Par ailleurs, les détracteurs du Plan Colombie lui reprochent essentiellement de prendre uniquement pour cible la guérilla marxiste, et de n'exercer aucun contrôle sur les paramilitaires. L'élément le plus critiqué est l'intensification de la destruction des cultures de coca, qui risque de mener tout droit à une « véritable guerre biologique. En effet, les défoliants utilisés pour détruire les plantations sont loin d'être inoffensifs. L'épandage par avion de glyphosate, herbicide puissant et hautement toxique, affecte aussi les cultures vivrières. La terre devient stérile, les sources d'eau ont été contaminées par les agents chimiques utilisés lors des opérations. Le bétail a lui aussi été atteint et de nombreuses bêtes sont mortes. Tout ceci met en danger la sécurité alimentaire et sanitaire des paysans et de leurs familles. La fumigation a ainsi pour conséquence de contraindre les familles au déplacement, parce que leurs champs sont anéantis et qu'elles sont en situation d'insécurité.

[modifier] Résultats

Ce plan, dont l'essentiel ne consiste qu'à renforcer l'armée colombienne et à asseoir davantage les positions américaines en Colombie, a rapidement causé la fin des fragiles pourparlers de paix engagés avec les guérillas marxistes et les FARC. Le 23 février 2002, les pourparlers de paix sont officiellement rompus entre la guérilla et le gouvernement Pastrana. Le lendemain, l'armée colombienne réoccupait la zone démilitarisée, la guerre avec les FARC reprenant de plus belle. En 2002, le Congrès américain a octroyé 625 millions de dollars supplémentaires au Plan Colombie, rebaptisé pour l'occasion « Initiative andine antidrogue ».

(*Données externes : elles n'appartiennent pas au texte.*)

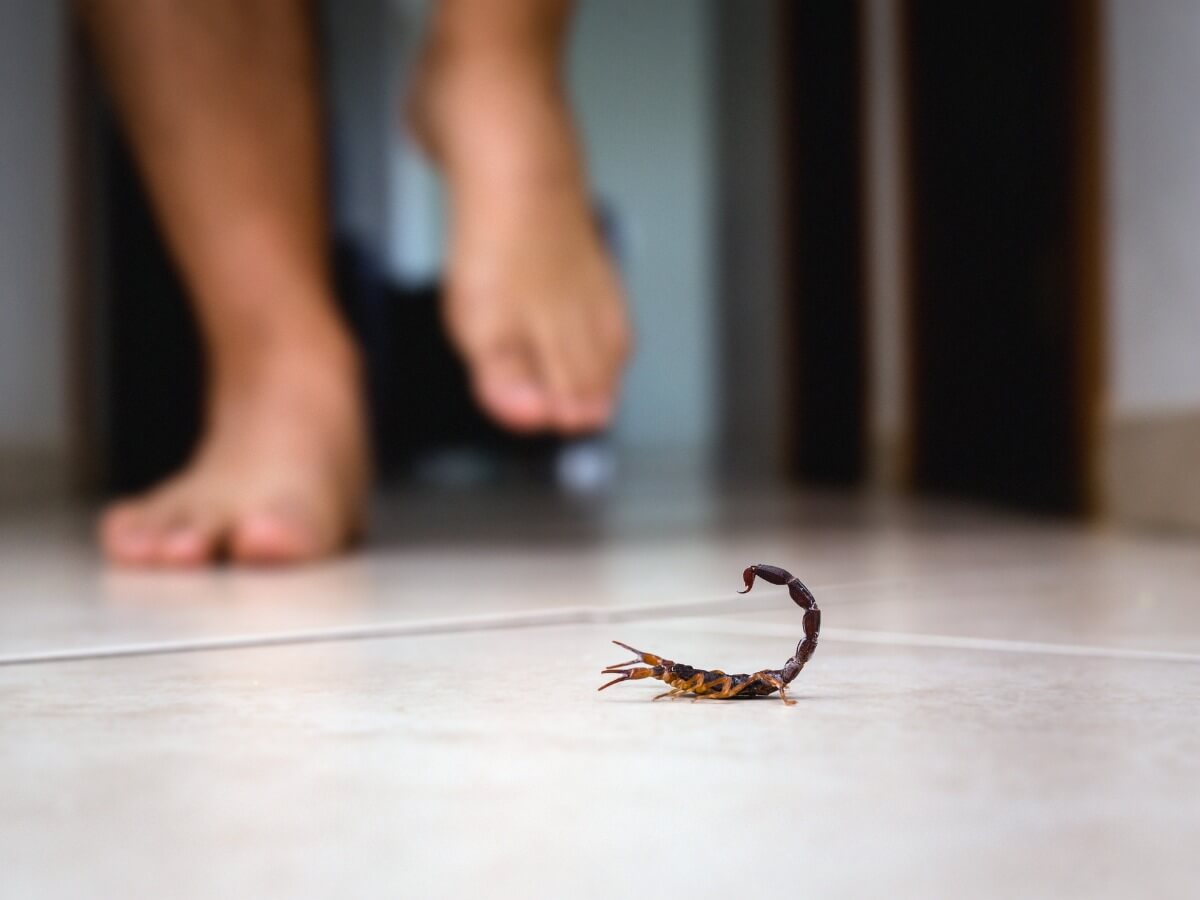 Skorpionstiche - Skorpion auf dem Boden und ein Mensch ohne Schuhe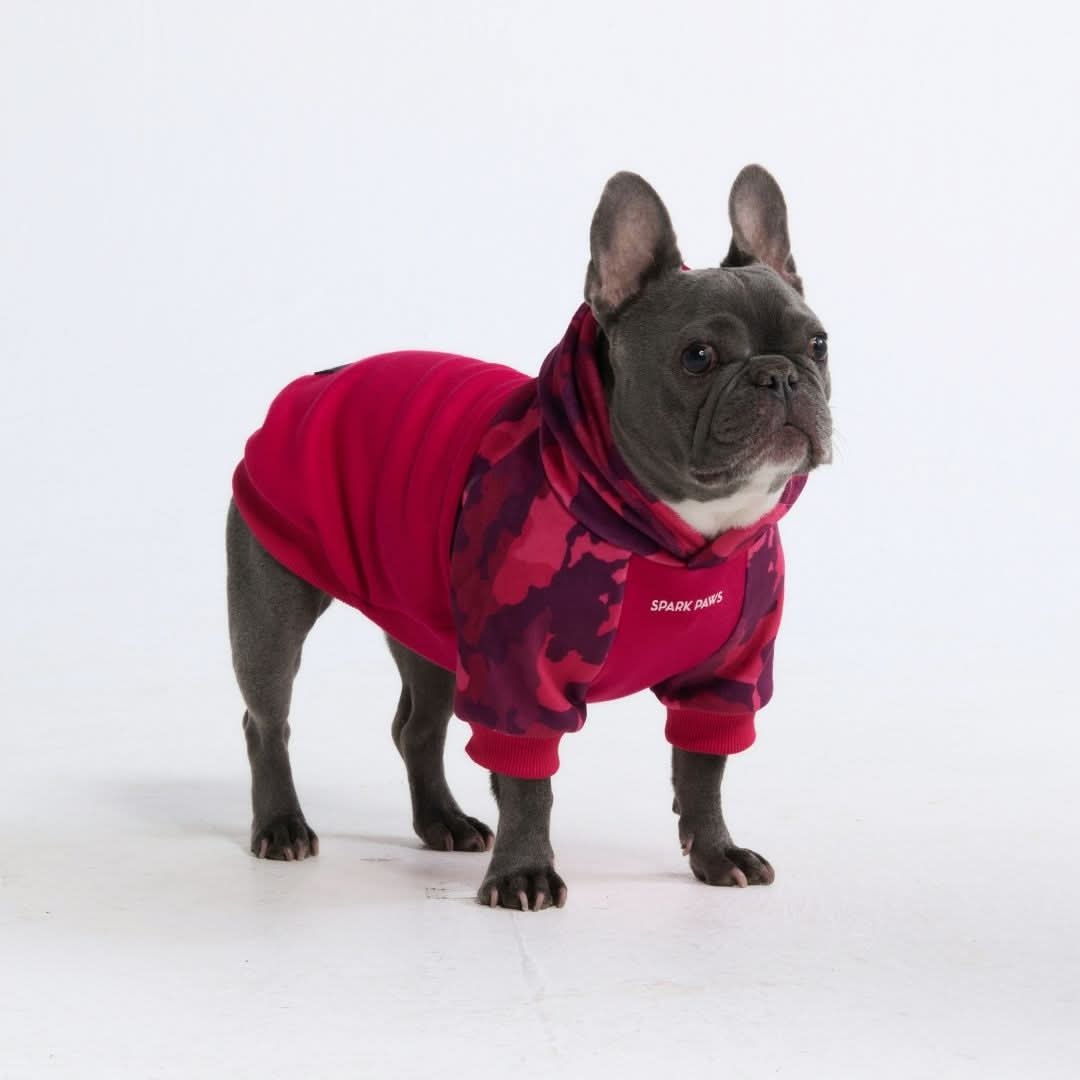 Camo Dog Hoodies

L’arrivée massive d’avions de fumigation en 2000 a entraîné l’augmentation du nombre de maladies, des déplacements de population et la destruction massive des cultures légales.

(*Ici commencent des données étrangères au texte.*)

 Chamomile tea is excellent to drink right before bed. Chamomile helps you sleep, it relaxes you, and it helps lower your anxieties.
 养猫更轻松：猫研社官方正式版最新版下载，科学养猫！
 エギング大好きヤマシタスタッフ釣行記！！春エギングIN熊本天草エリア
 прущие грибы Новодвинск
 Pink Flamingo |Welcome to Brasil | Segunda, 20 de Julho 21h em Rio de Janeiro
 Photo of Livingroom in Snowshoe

Par ailleurs, le Plan Colombie comprenait aussi des programmes de développement alternatif dans le Putumayo. À travers ces projets, l’objectif était de persuader les paysans de passer des cultures de coca à des cultures légales. Dans le cadre de ce que l’on appelle des « pactes sociaux », les paysans ont une année pour se débarrasser de leur coca en échange d’aides financières. Ils peuvent remplacer leur coca par des cultures légales qui sont supposées être achetées et transportées dans des usines de traitement. Ils peuvent aussi participer à des projets locaux mis sur pied par plusieurs agences internationales. Toutefois, le plan Colombie a accordé beaucoup moins d’importance aux programmes de ce type qu’aux fumigations aériennes. Par conséquent, presque la totalité des projets alternatifs mis en œuvre dans le Putumayo ont échoué, souvent avant même qu’ils aient pu avoir un impact positif sur les communautés locales.

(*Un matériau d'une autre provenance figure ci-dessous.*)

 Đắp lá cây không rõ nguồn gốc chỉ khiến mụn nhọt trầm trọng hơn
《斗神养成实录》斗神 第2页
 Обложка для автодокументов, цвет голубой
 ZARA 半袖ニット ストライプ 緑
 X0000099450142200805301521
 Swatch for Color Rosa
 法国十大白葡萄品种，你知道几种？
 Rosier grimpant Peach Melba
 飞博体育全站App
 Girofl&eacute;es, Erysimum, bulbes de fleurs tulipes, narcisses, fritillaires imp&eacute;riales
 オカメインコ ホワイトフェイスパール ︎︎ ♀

L'échec du plan Colombie a conduit le gouvernement des États-Unis à concevoir et mettre en marche l'Initiative Régionale Andine, rejeté par le Venezuela. Cette initiative montre, au-delà de l'échec du Plan, de quelle façon le conflit interne colombien commence à constituer un sérieux danger pour la stabilité économique, politique, sociale régionale. En effet, les zones frontalières de Colombie, difficiles à contrôler de par leur superficie et topographie, sont utilisées facilement pour le trafic de drogue, d'armes et sont des lieux privilégiés de repos pour les groupes armés illégaux.